About this task: Exactly as they stand, give the records below again, with no images.

Scraped caption text data
· · · · · · ·

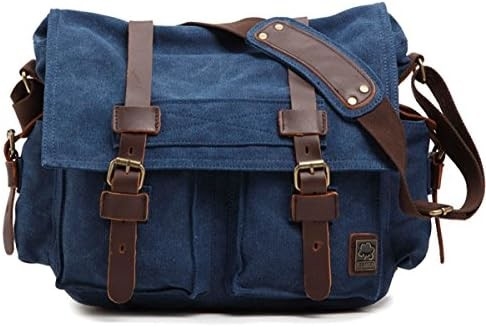 SECHUNK VINTAGE MILITARY LEATHER CANVAS LAPTOP BAG MESSENGER BAGS MEDIUM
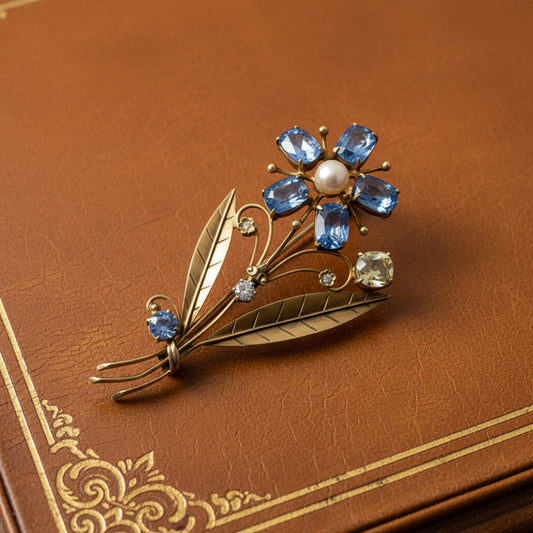 Estate Circa 1930 Tiffany & Co Blue and Yellow Sapphire, Diamond, Pearl Brooch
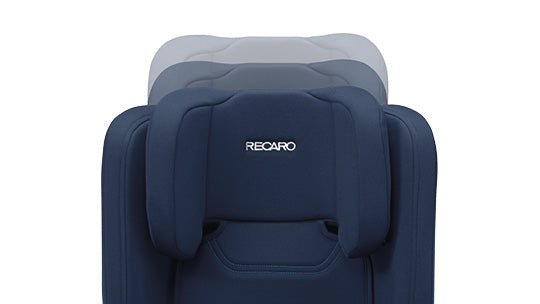 Vista frontal da cadeira auto Recaro Monza CFX em azul.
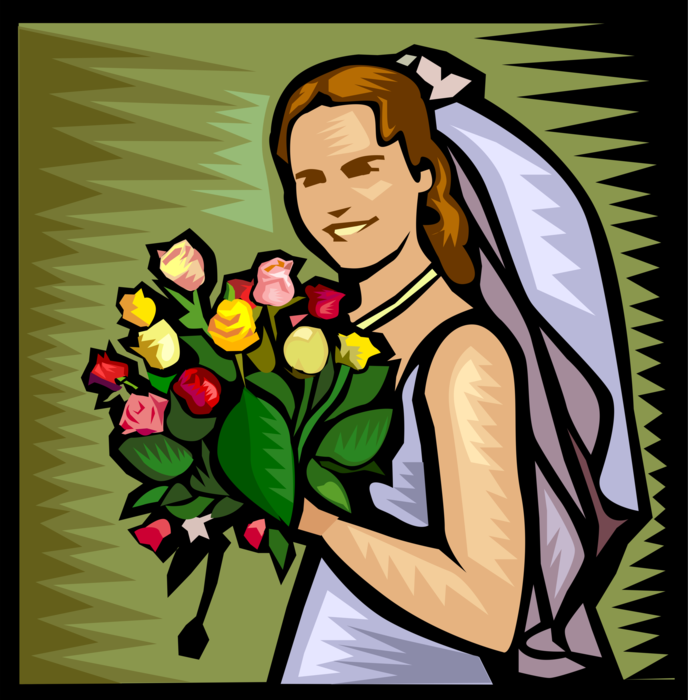 Vector Illustration of Wedding Day Bride with Floral Bouquet Flowers at Marriage Ceremony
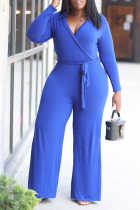 Blauwe casual effen bandage V-hals jumpsuits in grote maten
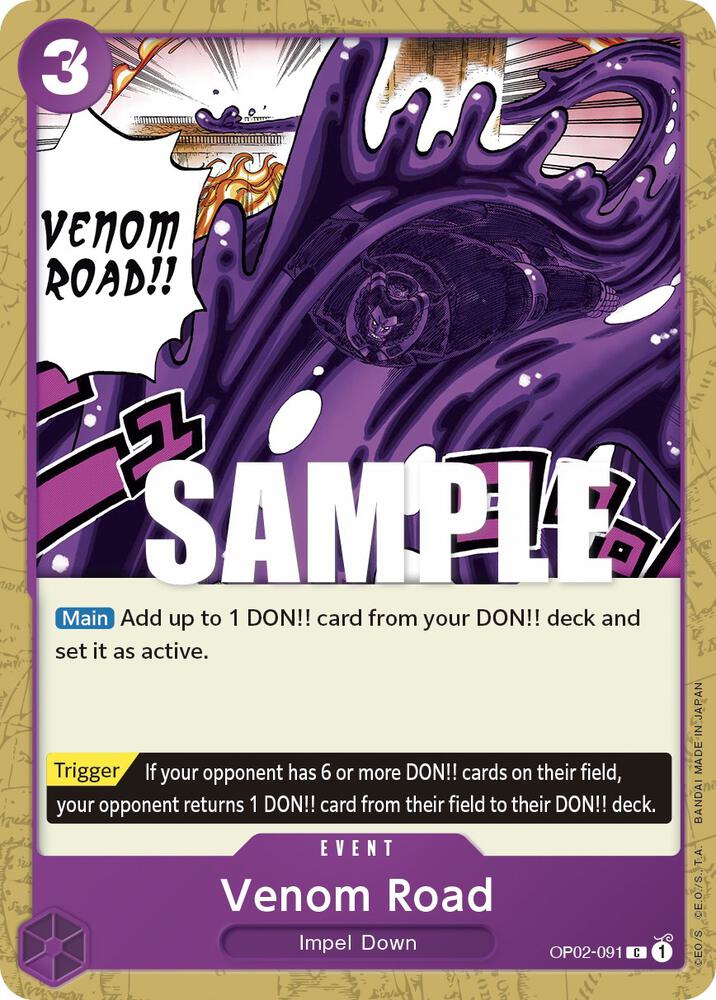 Venom Road OP02-091 Common Paramount War One Piece Near Mint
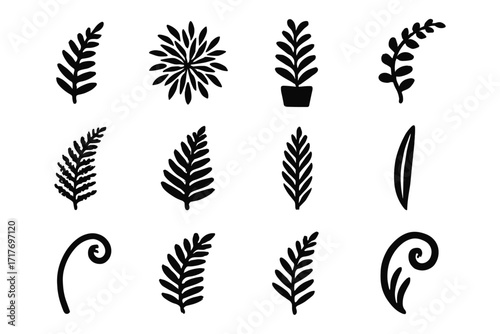Thread naturalistic pattern icon fern vector stem radial frond narrow form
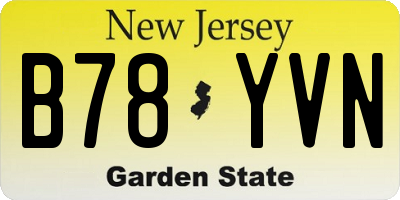 NJ license plate B78YVN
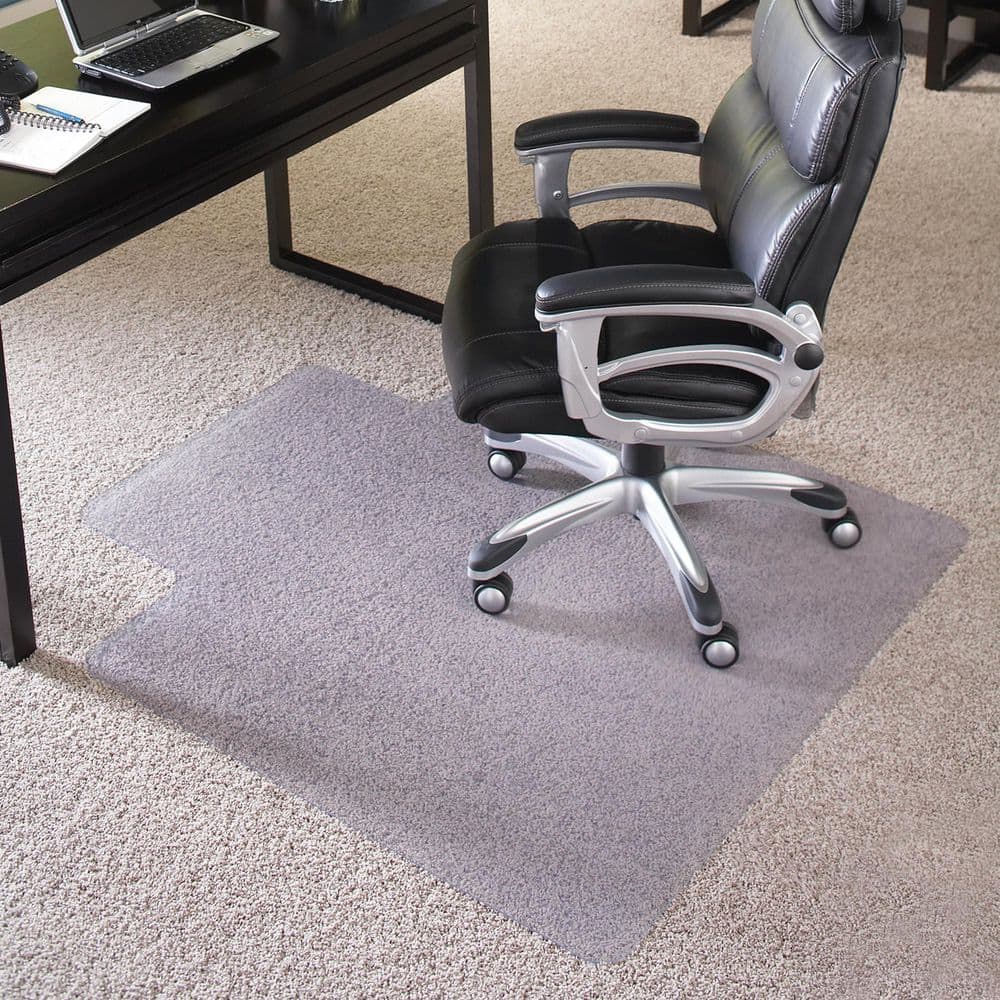 EverLife Chair Mat for Extra High Pile Carpet, 45 in. x 53 in. with Lip, Clear - Hercitys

· · · · · · ·

Written answer:
 SECHUNK VINTAGE MILITARY LEATHER CANVAS LAPTOP BAG MESSENGER BAGS MEDIUM
 Estate Circa 1930 Tiffany & Co Blue and Yellow Sapphire, Diamond, Pearl Brooch
 Vista frontal da cadeira auto Recaro Monza CFX em azul.
 Vector Illustration of Wedding Day Bride with Floral Bouquet Flowers at Marriage Ceremony
 Blauwe casual effen bandage V-hals jumpsuits in grote maten
 Venom Road OP02-091 Common Paramount War One Piece Near Mint
Thread naturalistic pattern icon fern vector stem radial frond narrow form
 NJ license plate B78YVN
 EverLife Chair Mat for Extra High Pile Carpet, 45 in. x 53 in. with Lip, Clear - Hercitys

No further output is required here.